タイトルの通りの短時間で仕事を回せるようになって、もっと人生を楽しもうという本です。アメリカ人起業家の事例なので、日本語で使えないITツールが紹介されていたりしますが、考え方のヒントはてんこ盛りです。「本当にやりたいことをやる時間がない」と感じたことがある全ての人に役立つ本だと思います。
現代資本主義の発想は、「健康にいいものを取りましょう」とか「家を買いましょう」とか足し算発想がベースにあるように思います。そのほうがモノを売りやすいからです。この本で提案されるのは 「いらない常識は捨てる」 「いらないモノは捨てる」「最低限のものしか持たない」的な引き算発想です。
その意味では、アメリカンな起業本なのですが、意外と日本的なアート的発想に通じる本だと思います。「引き算発想」の極地が墨絵とか禅寺の石庭などです。色を使わない最小限度の装飾で最大限に目を楽しませるのが日本的な芸術の特徴ですので。
もっとも筆者はキリスト教世界の人なので、日本の神仏習合的な宗教観については「理解不能だ」と切って捨ててます。日本留学した時にその辺で苦労したらしいです。もっとも日本好きな一面もあるようで、本文によると流鏑馬をやりにきたことがあるらしいです。趣味は極める人らしいので、弓術と馬術の訓練を日本でしたのではという推測もできます(笑)
さて、こういう本を何回も読むことの一番のメリットは「9時5時もしくは9時21時で働くことが全てではない」という、当たり前といえば当たり前の話が腑に落ちるということです。

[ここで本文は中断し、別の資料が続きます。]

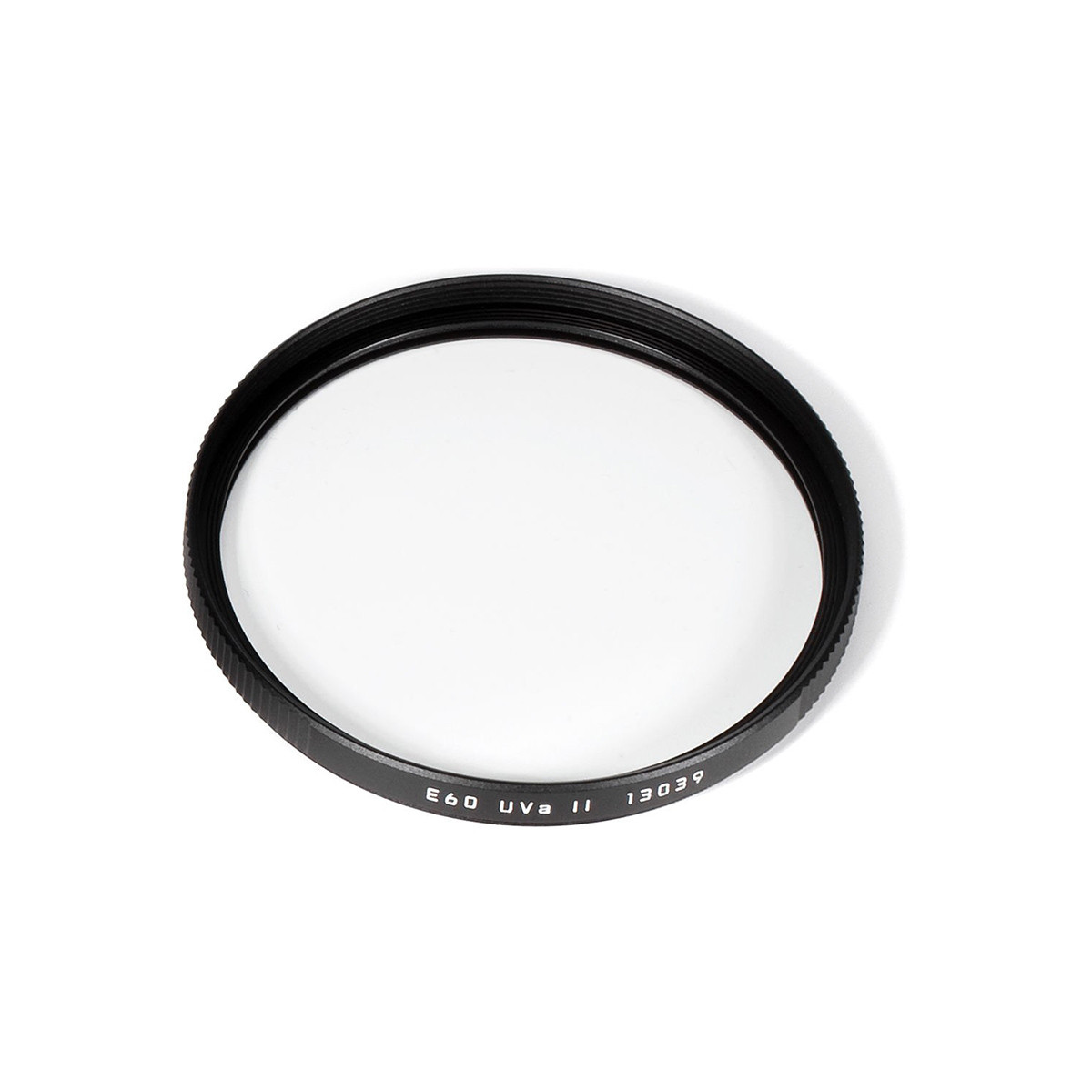 Leica E60 UVa II Filter Black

細かい話も色々と載っていますが、一番は考え方の部分が変わることでしょう。
現代の日本でサラリーマン家庭で生まれた場合、かなりの確率で
「9時21時で週80時間労働の正社員をやるのが堅実な生き方である」
「ふつうの人は他に生活費を稼ぐ方法はない」
という常識を悪意なく刷り込まれがちです。
かなり年を取ってから商社マンから自営に転じた知人の話で印象的だったのが
「サラリーマンという世界の外には、こんなにも違う世界があったんだ・・・」
という言葉です。
文字通り「住む世界が違うと、常識が全く違う」わけです。
週80時間労働の世界(いわゆる正社員の世界)が嫌い、もしくは、自分には無理と感じている人は、まずそういう世界しかないのだという常識を捨てる必要があります。
といってもそう都合よく
「仕事はちゃんとしてるけど、実は週4時間も働かなくていいので、時間的にはすごく暇」
という幸せを満喫しているフリーな知り合いなんかいないかもしれません。
そういう時には本というのはかなり役に立つ「常識破壊ツール」になります。
追記
この本のレビューで、日本人で会社員(サラリーマン)だと応用がきかない話ばかりだという人がいましたが、それは発想力次第なんじゃないかなと思います。

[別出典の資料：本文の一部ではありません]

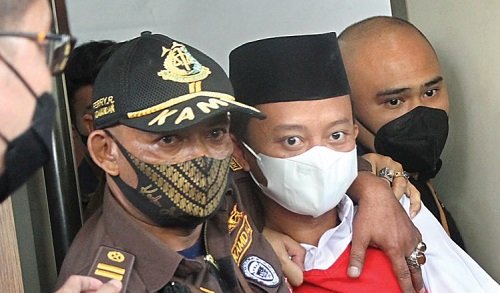 Herry Wirawan Minta Keringanan Hukuman Demi Urus Anak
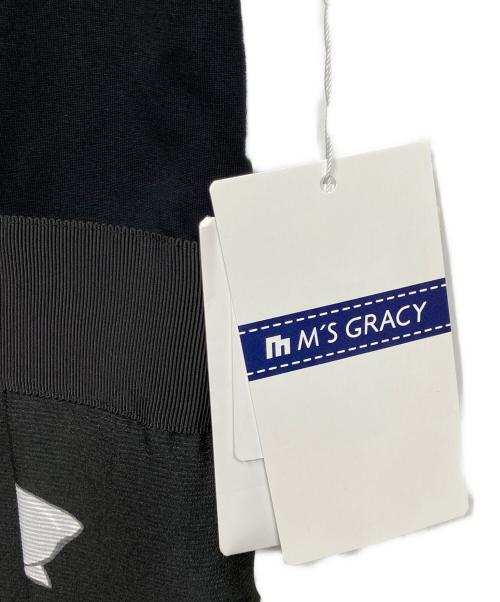M'S GRACY（エムズグレイシー）M'S GRACY (エムズグレイシー) ワンピース ブラック サイズ:42 未使用品の古着・服飾アイテム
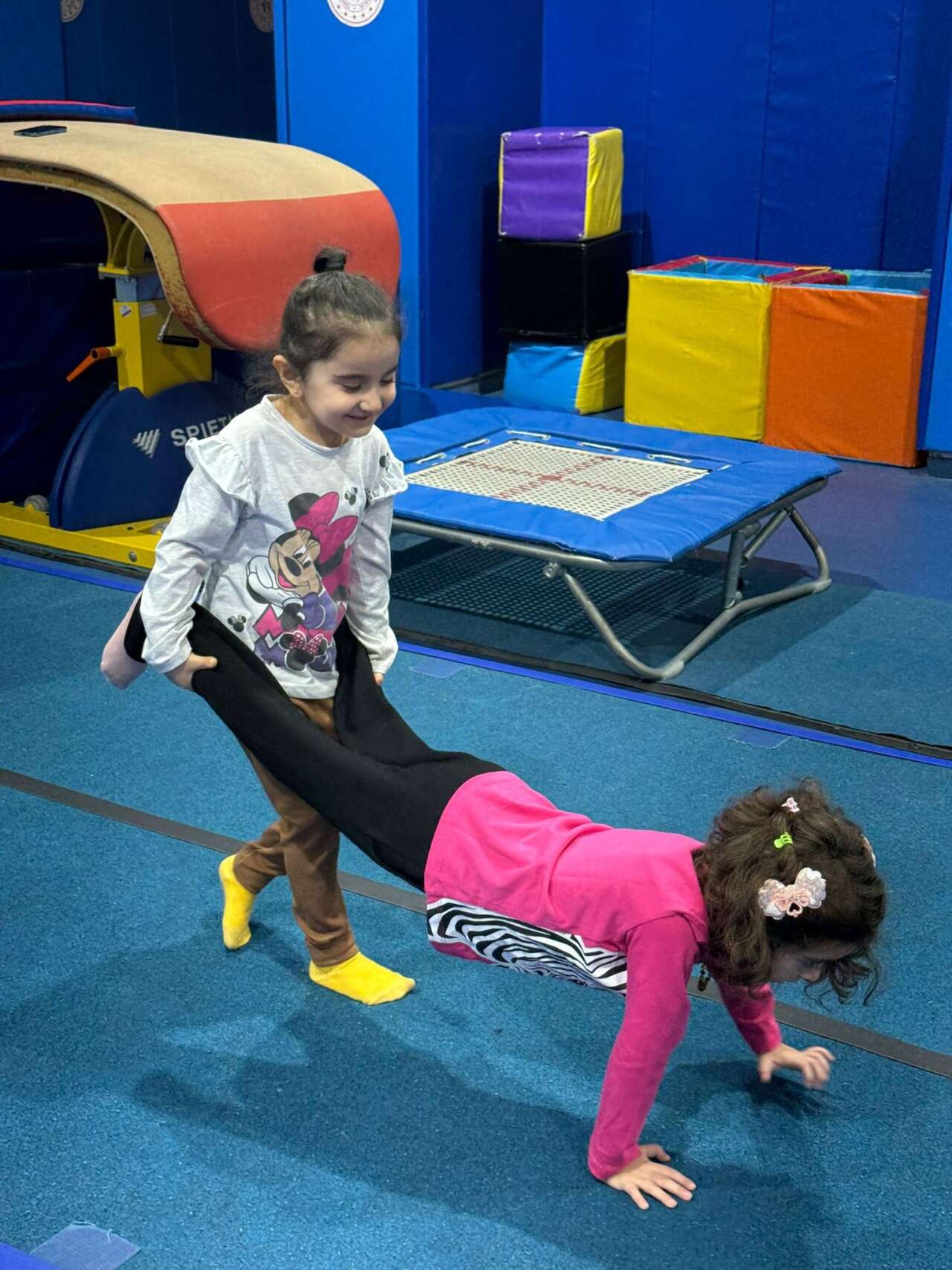 Menteşe’de Minik Sporcular Cimnastikle Tanıştı 1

例えば本書では「自動化」の発想が紹介されていますが、これはパソコンを使う仕事ならどんな仕事であれ、自動化で業務時間を減らせる可能性は常に隠れています。自分で家事をしているのなら、家事的な雑用を徹底して自動化するという発想もありでしょう。秘書がいなくても、出張手配を丸投げで外注するという発想もあります。(飲み会を月2回節約すれば、24時間対応のトラベルデスクのついた年会費が高額なクレジットカードでも入会できます。)
この本のような極端な事例を生かせるかどうかというのは、 「自分の環境ではできない」と切り捨てる前に、1秒でいいので 「どうしたら、自分の環境でも実現できるか?」と考える時間を作れるかが分かれ道になると思います。
本当に楽をしたいなら 「楽をするための準備にエネルギーを惜しまないこと」だけは必要です。